Un projet de loi mis de l’avant mardi par la ministre de l’Intérieur, Suella Braverman, prévoit que ces migrants seront placés en détention à leur arrivée et rapidement refoulés vers leur pays d’origine ou un pays tiers sans avoir pu présenter de demande d’asile. Il précise par ailleurs qu’ils ne pourront jamais revenir en Grande-Bretagne par la suite.

« C’est de cette façon que nous arrêterons les bateaux », a plaidé la politicienne, qui se dit incapable de garantir que les mesures « fermes » mises de l’avant par le gouvernement conservateur sont compatibles avec les obligations du pays en matière de respect des droits de la personne.

Le Haut-Commissariat des Nations unies pour les réfugiés a déclaré que le projet de loi reviendrait à « mettre fin au droit d’asile » en privant les personnes ciblées « du droit de chercher la protection accordée à un réfugié, quelles que soient l’authenticité et l’urgence de la demande ».

« Inhumain »

Plusieurs autres organisations de défense des migrants ont aussi émis des critiques mardi.

Enver Solomon, qui chapeaute le Refugee Council, a déclaré que le plan annoncé contrevenait aux engagements internationaux de la Grande-Bretagne de considérer toute demande d’asile de manière « équitable » sans égard « au chemin utilisé pour se rendre en Grande-Bretagne ».

M. Solomon a prévenu que des dizaines de milliers de personnes qui auraient été acceptées comme réfugiés en temps normal en raison de ce qu’elles ont vécu dans leur pays d’origine « seront enfermées et traitées comme des criminels » avant d’être expulsées.

La section locale d’Amnistie internationale a aussi décrié le plan gouvernemental en arguant qu’il était « inhumain » de vouloir rejeter « en bloc » les demandes d’asile des personnes arrivant au pays de manière irrégulière par la Manche.

Le nombre de migrants traversant à bord de pneumatiques a monté en flèche depuis quelques années alors que les autorités françaises resserraient les contrôles pour empêcher tout passage irrégulier à partir du port de Calais ou du tunnel reliant les deux pays.

Il est passé de 8500 en 2020 à 28 500 en 2021 avant d’atteindre 45 700 en 2022. Cet afflux a entraîné une forte augmentation du nombre de demandes d’asile à traiter par les autorités britanniques, qui se disent submergées. Plus de 150 000 dossiers étaient en attente de traitement à la fin de l’année dernière.

Tentatives multiples

Londres a multiplié les initiatives pour tenter de décourager les passages, sans réussir à freiner cette progression.

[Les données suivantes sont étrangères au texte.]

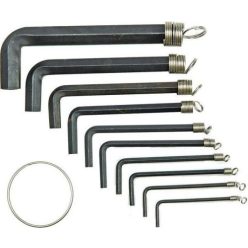 Imbuszkulcs készlet 10 db-os, 1.5–10 mm – 56390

Le gouvernement de l’ex-premier ministre conservateur Boris Johnson a notamment annoncé l’année dernière que certains demandeurs d’asile arrivés au pays par des « voies dangereuses » seraient envoyés au Rwanda à l’issue d’une entente conclue avec le régime du président Paul Kagame.

Un premier avion qui devait partir en juin a cependant été bloqué sur ordre de la Cour européenne des droits de l’homme. La Haute Cour de Londres a statué en décembre que l’accord pouvait s’appliquer, mais a permis aux requérants de porter certains aspects de la décision en appel. La cause est toujours pendante.

La ministre de l’Intérieur a indiqué mardi que le Rwanda pourrait d’ailleurs servir de pays tiers dans le cadre de la nouvelle loi.

L’actuel premier ministre britannique, Rishi Sunak, qui a promis de réduire le nombre de passages de migrants par la Manche, doit se rendre vendredi en France pour discuter de la situation avec le président français Emmanuel Macron.

Le gouvernement britannique assure qu’il veut offrir de nouvelles avenues légales pour permettre à des personnes dans le besoin de présenter une demande d’asile au pays, mais maintient qu’il doit « reprendre le contrôle » de ses frontières avant de procéder en ce sens.

Des programmes ciblés ont notamment été mis sur pied au cours des dernières années pour permettre la venue de ressortissants ukrainiens et afghans.

François Crépeau, un ex-rapporteur des Nations unies sur les droits des migrants qui enseigne à l’Université McGill, pense que Londres aura fort à faire devant les tribunaux pour défendre le projet de loi annoncé mardi.

« J’ai l’impression qu’on se dirige vers des procédures importantes et des demandes d’injonction qui vont probablement être accordées », note le spécialiste, qui reproche au gouvernement conservateur d’être surtout motivé par des considérations partisanes.

« Ils se fichent de savoir si ce qu’ils proposent est conforme au droit international, européen ou national. Ce qui compte pour eux est de marquer des points auprès de leur électorat, qui est favorable à une approche de cette nature », conclut M. Crépeau.